Closed kanchi240 closed 3 years ago
What version of GCC are you using?
Looks like we should add the -std=c99
flag to the compiler. I guess that can't hurt, even though it always worked for me.
Also, your version of pip
is quite old, so there may be other issues.
Looks like even gcc 5 has a default of gnu11. https://gcc.gnu.org/onlinedocs/gcc-5.5.0/gcc/C-Dialect-Options.html#C-Dialect-Options How come your compiler is not even using C99? Is it some system-wide setting overriding the default?

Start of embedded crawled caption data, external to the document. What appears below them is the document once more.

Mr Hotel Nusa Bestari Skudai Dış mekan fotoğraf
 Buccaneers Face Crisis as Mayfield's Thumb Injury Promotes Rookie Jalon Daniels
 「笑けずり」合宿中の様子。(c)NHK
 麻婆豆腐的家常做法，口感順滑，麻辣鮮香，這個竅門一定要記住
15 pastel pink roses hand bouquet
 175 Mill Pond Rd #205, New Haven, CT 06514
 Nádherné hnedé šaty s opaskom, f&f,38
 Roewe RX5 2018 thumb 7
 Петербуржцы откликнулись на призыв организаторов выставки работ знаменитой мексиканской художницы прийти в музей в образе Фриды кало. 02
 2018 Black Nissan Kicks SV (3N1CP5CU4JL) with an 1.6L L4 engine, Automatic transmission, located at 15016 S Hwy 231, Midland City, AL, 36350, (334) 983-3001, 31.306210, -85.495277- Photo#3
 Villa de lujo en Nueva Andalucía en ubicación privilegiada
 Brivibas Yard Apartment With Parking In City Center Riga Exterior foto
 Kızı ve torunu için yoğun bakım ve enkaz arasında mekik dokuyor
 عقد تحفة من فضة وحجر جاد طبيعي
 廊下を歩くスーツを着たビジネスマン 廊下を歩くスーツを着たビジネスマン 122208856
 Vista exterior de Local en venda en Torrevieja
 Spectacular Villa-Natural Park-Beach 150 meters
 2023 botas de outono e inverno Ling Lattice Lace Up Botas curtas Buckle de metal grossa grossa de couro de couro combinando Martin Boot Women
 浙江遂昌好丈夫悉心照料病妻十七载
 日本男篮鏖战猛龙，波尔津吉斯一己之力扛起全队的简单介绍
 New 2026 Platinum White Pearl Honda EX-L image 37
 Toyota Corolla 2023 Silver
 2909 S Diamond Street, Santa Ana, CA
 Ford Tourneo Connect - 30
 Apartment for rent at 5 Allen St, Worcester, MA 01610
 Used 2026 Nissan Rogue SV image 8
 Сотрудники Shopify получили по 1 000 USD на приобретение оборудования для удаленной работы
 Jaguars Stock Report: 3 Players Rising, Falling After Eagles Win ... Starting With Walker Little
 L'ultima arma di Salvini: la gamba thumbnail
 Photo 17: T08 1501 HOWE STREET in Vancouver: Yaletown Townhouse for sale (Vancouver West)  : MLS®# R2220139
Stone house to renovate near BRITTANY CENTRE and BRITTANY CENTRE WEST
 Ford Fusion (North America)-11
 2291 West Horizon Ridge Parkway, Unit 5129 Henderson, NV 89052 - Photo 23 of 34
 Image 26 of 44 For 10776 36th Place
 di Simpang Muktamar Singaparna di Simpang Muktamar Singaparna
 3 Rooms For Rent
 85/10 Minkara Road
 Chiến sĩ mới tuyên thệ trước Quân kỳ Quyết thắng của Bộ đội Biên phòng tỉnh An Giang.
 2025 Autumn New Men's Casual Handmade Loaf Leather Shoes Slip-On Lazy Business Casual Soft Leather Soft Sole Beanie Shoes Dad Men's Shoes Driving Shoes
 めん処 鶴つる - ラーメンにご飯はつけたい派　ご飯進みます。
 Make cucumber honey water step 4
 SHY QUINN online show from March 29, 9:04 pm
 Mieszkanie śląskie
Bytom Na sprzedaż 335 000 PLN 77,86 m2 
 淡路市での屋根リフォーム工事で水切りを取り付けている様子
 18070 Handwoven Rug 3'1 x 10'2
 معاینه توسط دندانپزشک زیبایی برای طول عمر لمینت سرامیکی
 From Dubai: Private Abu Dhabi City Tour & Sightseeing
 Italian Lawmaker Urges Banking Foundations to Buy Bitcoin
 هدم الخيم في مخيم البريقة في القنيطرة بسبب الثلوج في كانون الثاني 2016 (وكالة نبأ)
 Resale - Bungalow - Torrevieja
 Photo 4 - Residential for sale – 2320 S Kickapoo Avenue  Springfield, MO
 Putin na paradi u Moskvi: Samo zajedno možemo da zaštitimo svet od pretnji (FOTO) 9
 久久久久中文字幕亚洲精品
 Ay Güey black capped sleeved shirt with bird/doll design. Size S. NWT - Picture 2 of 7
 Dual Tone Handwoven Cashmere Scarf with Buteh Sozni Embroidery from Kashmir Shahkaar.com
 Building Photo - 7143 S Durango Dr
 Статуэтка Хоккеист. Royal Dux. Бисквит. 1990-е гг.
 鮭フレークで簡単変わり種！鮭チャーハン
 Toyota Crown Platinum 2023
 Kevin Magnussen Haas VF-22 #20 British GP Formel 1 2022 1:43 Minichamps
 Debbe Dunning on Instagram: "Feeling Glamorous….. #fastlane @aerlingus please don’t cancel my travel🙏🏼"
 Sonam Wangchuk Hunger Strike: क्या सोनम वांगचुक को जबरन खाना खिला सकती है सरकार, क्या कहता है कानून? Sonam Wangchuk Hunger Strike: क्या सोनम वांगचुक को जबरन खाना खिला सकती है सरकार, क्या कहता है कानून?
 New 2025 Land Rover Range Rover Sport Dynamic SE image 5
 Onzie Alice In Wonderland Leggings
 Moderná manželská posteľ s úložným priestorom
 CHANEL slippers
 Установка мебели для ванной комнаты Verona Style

(test) [root@VM-0-240-centos ~]# gcc --version gcc (GCC) 4.8.5 20150623 (Red Hat 4.8.5-39) Copyright (C) 2015 Free Software Foundation, Inc. This is free software; see the source for copying conditions. There is NO warranty; not even for MERCHANTABILITY or FITNESS FOR A PARTICULAR PURPOSE.
Thank you, @PetterS
Success install after update gcc, see below about how to update gcc in centos:
sudo yum install centos-release-scl devtoolset-7-gcc*
scl enable devtoolset-7 bash
Alright, that's great! I think we'll skip doing any changes to the setup file then and instead require gcc 5+.
Hi,
I stumbled upon a similar issue trying to install quickjs on RHEL 7 (which uses gcc 4.8.x by default). It failed because of the missing flag -Wincompatible-pointer-types
. I'm investigating whether I can update gcc.
If this requirement on gcc >= 5.x
is strong, it would be nice to mention it more explicitly:
gcc 4.8 was released more than eight years ago. I don't have the bandwith to make sure everything works with that old compilers.
But if there is a nice way of testing with gcc 4.8 in the CI, I am open to merging support.
Understood, I am aware that the change should be made on my side.
What I am suggesting is to simply mention the dependency on gcc >= 5.x explicitly. That is, writing a note about it in the readme and aborting compilation if the version of gcc is lower than 5. Just for future users to understand more easily why the compilation is failing rather than having to dig in closed GitHub issues. Of course we can expect less and less people still on gcc 4, but I'm the proof that it still happens. :-)
Compilation is handled implicitly by setuptools. It is not clear (to me) how to check if the compiler is gcc and to abort if it is below 5.
The readme can of course mention this.
Yeah, that may not be a simple as I thought. I was thinking about a preprocessor check in module.c
, but that's already too late for flag errors. Another way may be to add a dummy compiled extension just for checking, but that's probably overkill.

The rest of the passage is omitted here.